AIM OF THE TASK -
Exactly the lines from the one with "black woodworking carpentry" through the end of the data below must be set down, and no pictures with them.

DATASET EXCERPT -
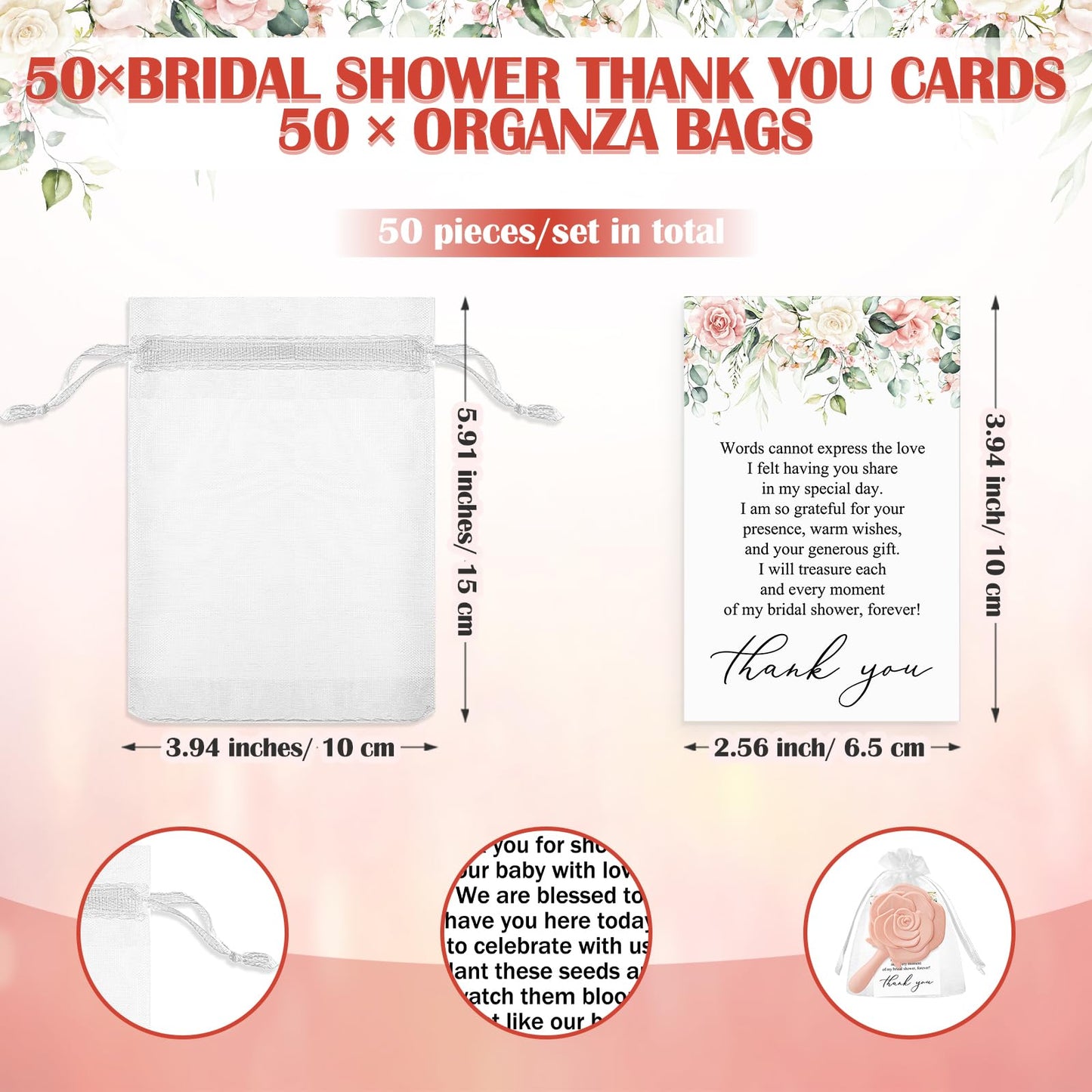 Wenqik 50 Sets Bridal Shower Favors Rose Compact Mirrors Bulk Wedding Favors for Guests Rose Compact Handheld Mirrors with Thank You Cards and Organza Bags Wedding Party Guests Souvenir Gifts (Pink)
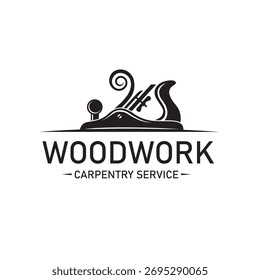 black woodworking carpentry emblem isolated on white background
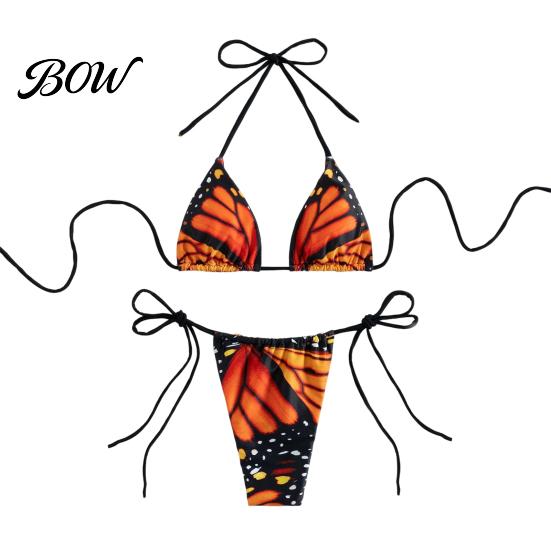 Halter Top Bikini Women Butterfly Print Set, Tie & Side Thong, Beachwear Two Piece Triangle Swimsuit, Sexy Beach Bathing Suit for Summer Breathable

FINISHED TASK -
 black woodworking carpentry emblem isolated on white background
 Halter Top Bikini Women Butterfly Print Set, Tie & Side Thong, Beachwear Two Piece Triangle Swimsuit, Sexy Beach Bathing Suit for Summer Breathable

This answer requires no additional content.